With indexing enabled, Pass 1 skips files whose blake3 content hash is unchanged, and cached findings are served directly for AST-only results.
---
## Roadmap
### Phase 1 -- Deep Static Engine
| Feature | Description |
|---|---|
| Interprocedural call graph | Precise symbol resolution via `FuncKey`, language-scoped namespaces, cross-module linking. No name-collision merging -- full call graph with topological analysis. |
| Path-sensitive analysis | Track path predicates and conditional constraints. Detect infeasible paths and validation-only-in-one-branch patterns. Dramatically reduces false positives. |
| Dataflow & state modeling | Resource state machines (init -> use -> close), auth state transitions, privilege level tracking. Semantic analysis beyond pattern matching. |
| Attack surface ranking | Score entry points by distance-to-sink, guard strength, path complexity, and privilege escalation potential. Deterministic attack surface scoring. |
### Phase 2 -- Dynamic Capability
| Feature | Description |
|---|---|
| Controlled dynamic execution | Local sandbox: identify entry points, spin up test harnesses, inject payloads, detect runtime crashes and command execution. Deterministic automated exploit validation -- static finds `exec(user_input)`, dynamic confirms it with `; id`. |
| Fuzzing integration | libFuzzer (C/C++), cargo-fuzz (Rust), go-fuzz, HTTP fuzzing harness. Static engine identifies interesting functions, fuzzer targets only those. |
### Phase 3 -- Intelligent Reasoning Layer
| Feature | Description |
|---|---|
| Semantic similarity | Embeddings for finding similar vulnerability patterns across codebases. |
| LLM reasoning | AI-assisted detection of non-obvious logic bugs. |
| Exploit refinement | Automated loops to refine and validate exploit chains. |
### Other planned improvements
| Area | Details |
|---|---|
| Output formats | SARIF 2.1.0, JUnit XML, HTML report generator |
| Language coverage | Expanded taint rules per language, resource leak pairs for Python/Ruby/PHP/JS/TS |
| Rule updates | Remote rule feed with signature verification |
| UX | Progress bar, smart file-watch re-scan |
Community feedback shapes priorities -- please [open an issue](https://github.com/ecpeter23/nyx/issues) to discuss proposed changes.
---
## Contributing
Pull requests are welcome. To contribute:
1. Fork the repository and create a feature branch.

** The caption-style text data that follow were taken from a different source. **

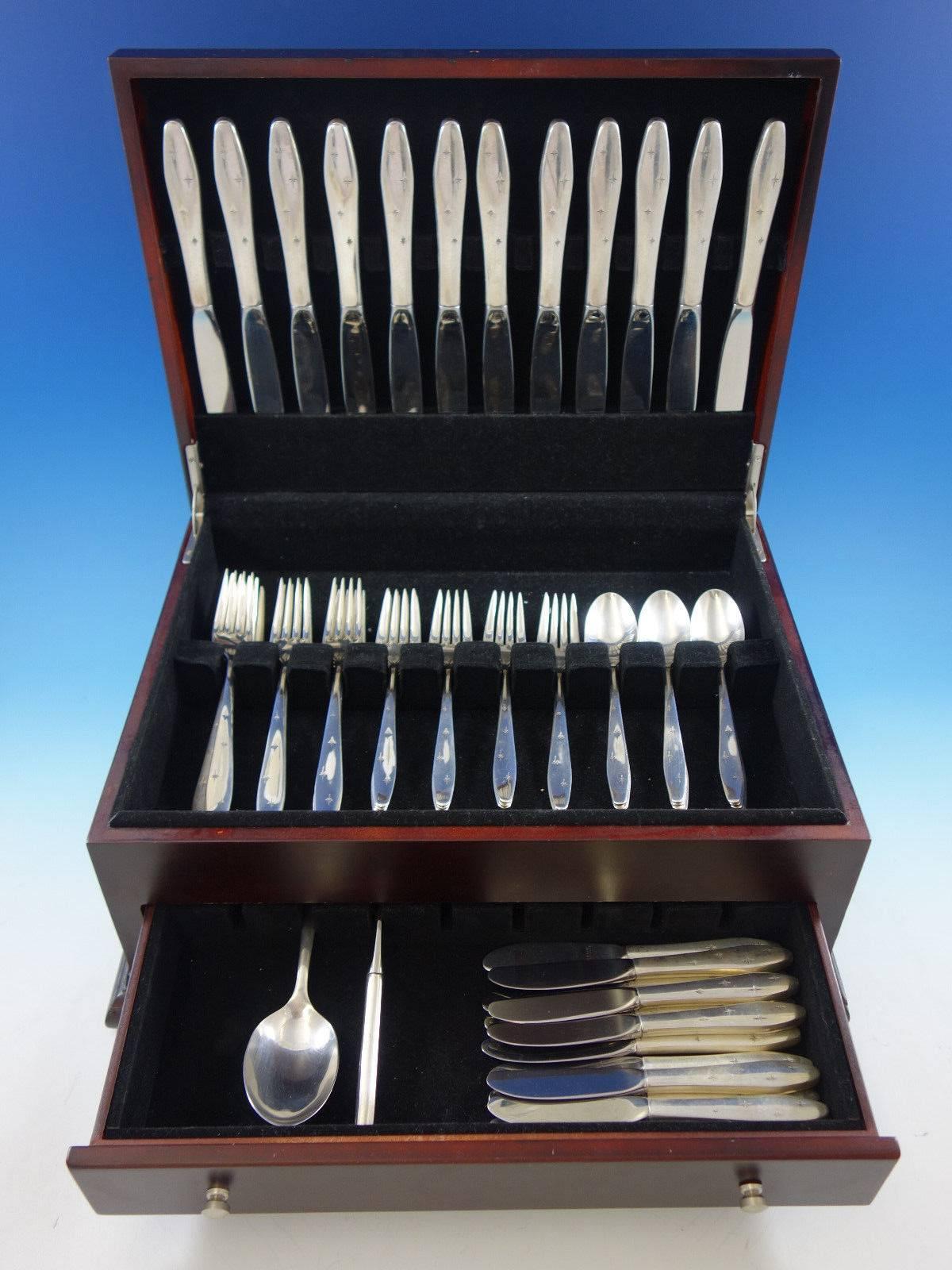 Dawn star by Wallace sterling silver flatware set, 62 pieces. This set includes: 

12 knives, 9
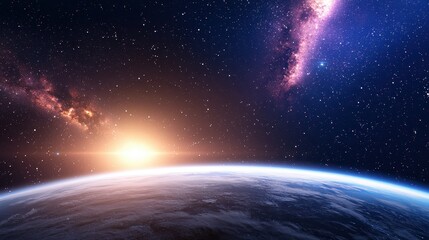 Fototapeta premium Stunning Cosmic Landscape with Earth and Distant Galaxies Illuminated by Sunrise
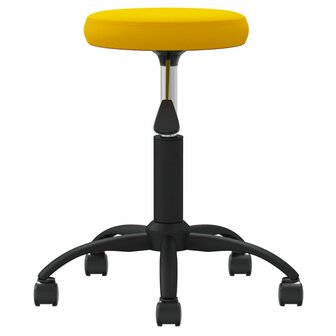 Kantoorstoel draaibaar fluweel mosterdgeel 4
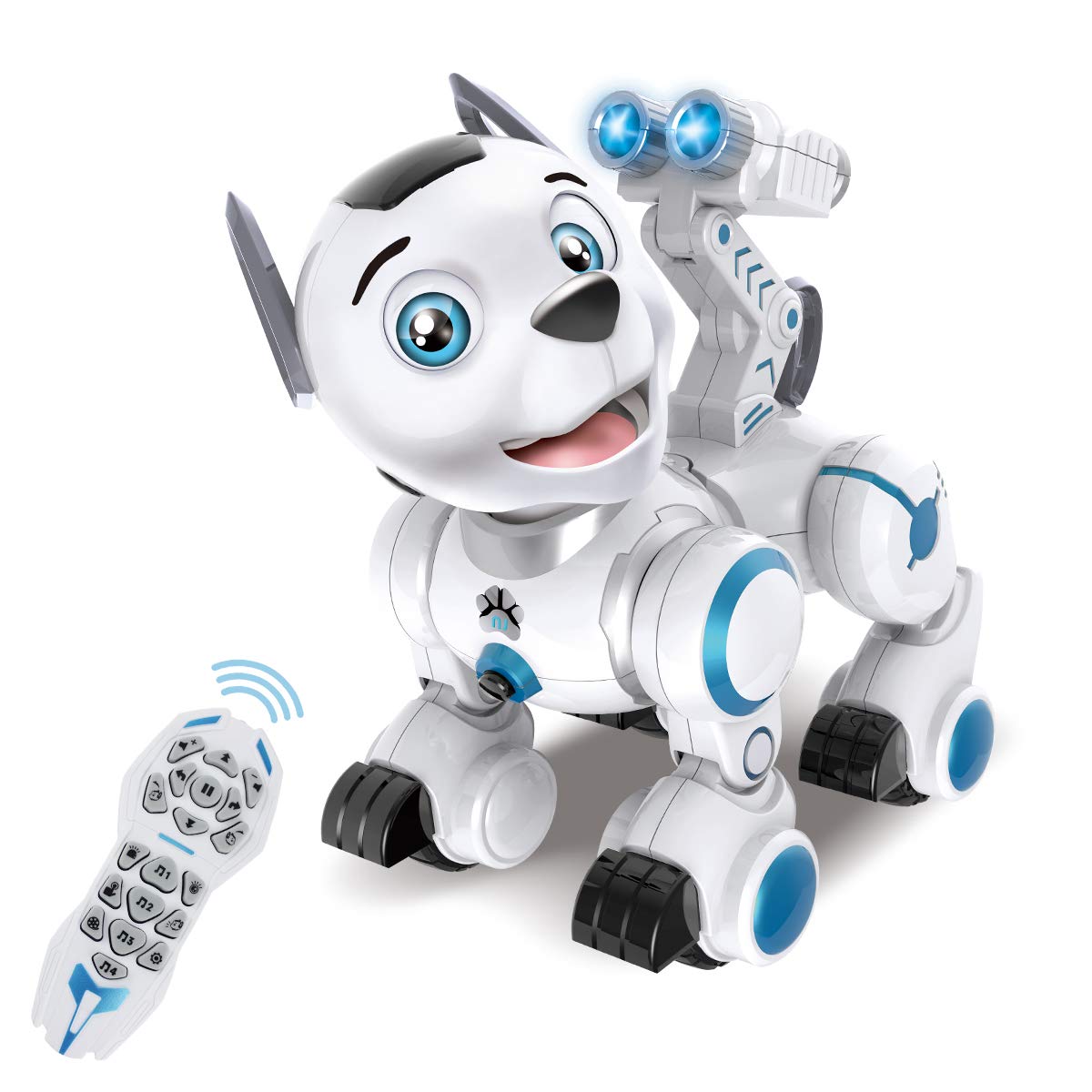 fisca Remote Control Robotic Dog RC Interactive Intelligent Smart Walking Dancing Programmable Robot Toys with Light and Sound for Kids Boys Girls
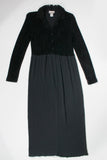 Vintage 1990s CHENILLE and Crepe Black Collared Long Sleeve Maxi Dress Made in the USA Womens Size 6 / 8 / Small / Medium / 30-36" waist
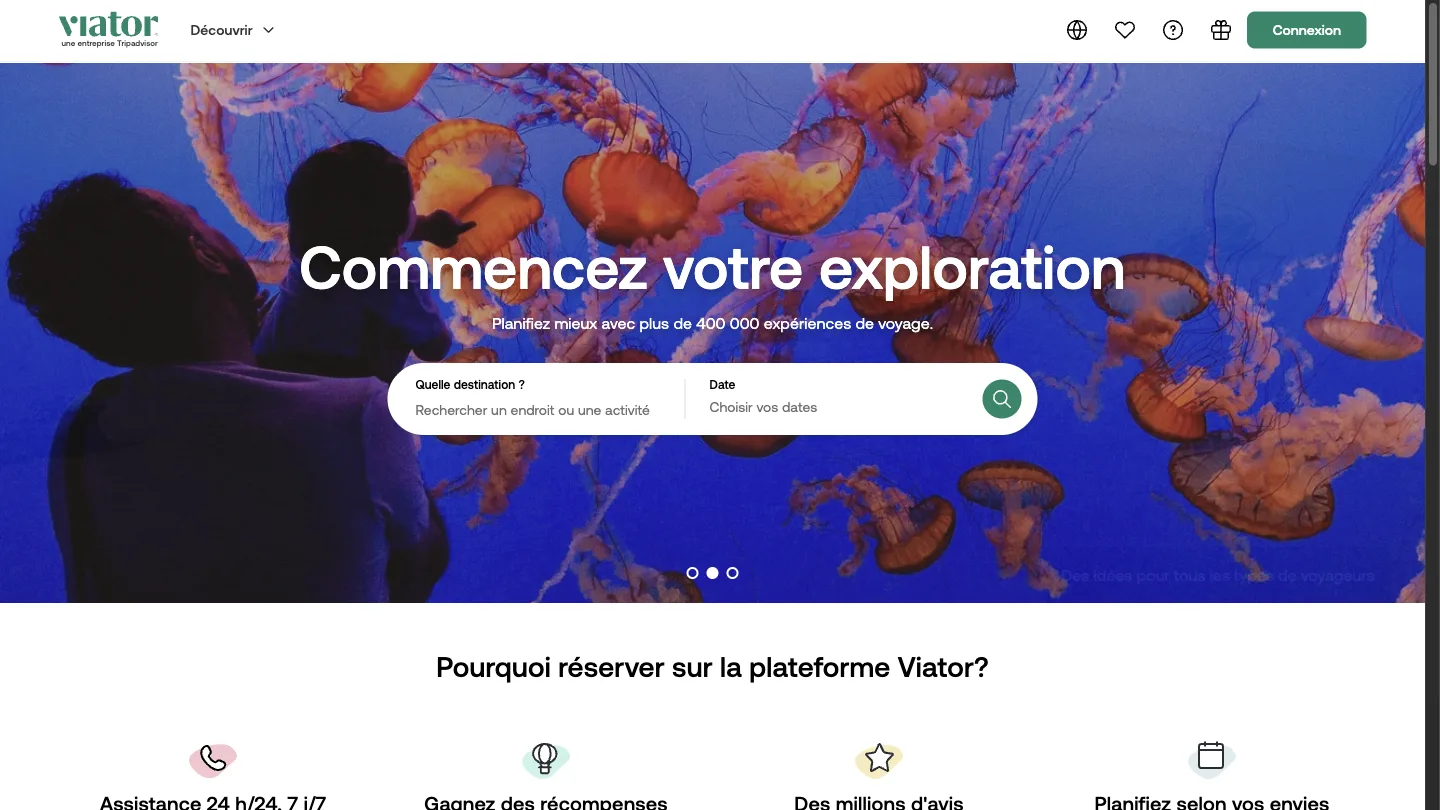 Page d'accueil de Viator, la plateforme d'activités du groupe Tripadvisor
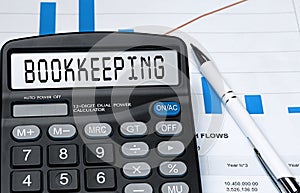 Calculator with the word bookkeeping on the display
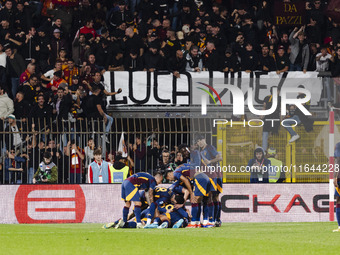 Artem Dovbyk celebrates after scoring a goal during the Serie A football match between AC Monza and AS Roma at U-Power Stadium in Monza, Ita...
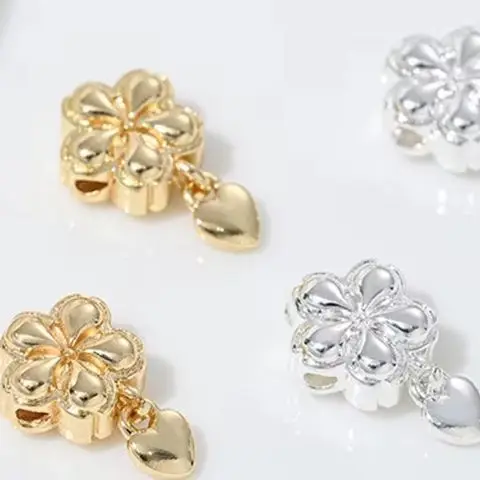 

14K Bag Gold Double-Sided Peach Blossom Heart Cherry Blossom Beads DIY Handmade Bracelet Necklace Accessory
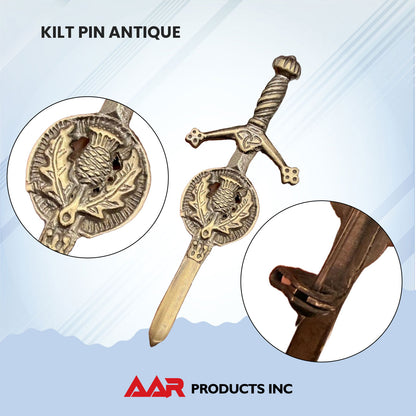 Brand New Celtic Kilt Pin with Thistle Badge Design Antique Finish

2. Adhere to `rustfmt` and ensure `cargo clippy --all -- -D warnings` passes.
3. Add unit and/or integration tests where applicable (`cargo test` should remain green).
4. Submit a concise, well-documented pull request.
Please open an issue for any crash, panic, or suspicious result -- attach the minimal code snippet and mention the Nyx version.
See `CONTRIBUTING.md` for full guidelines.
---
## License
Nyx is licensed under the **GNU General Public License v3.0 (GPL-3.0)**.
This ensures that all modified versions of the scanner remain free and open-source, protecting the integrity and transparency of security tools.
See [LICENSE](./LICENSE) for full details.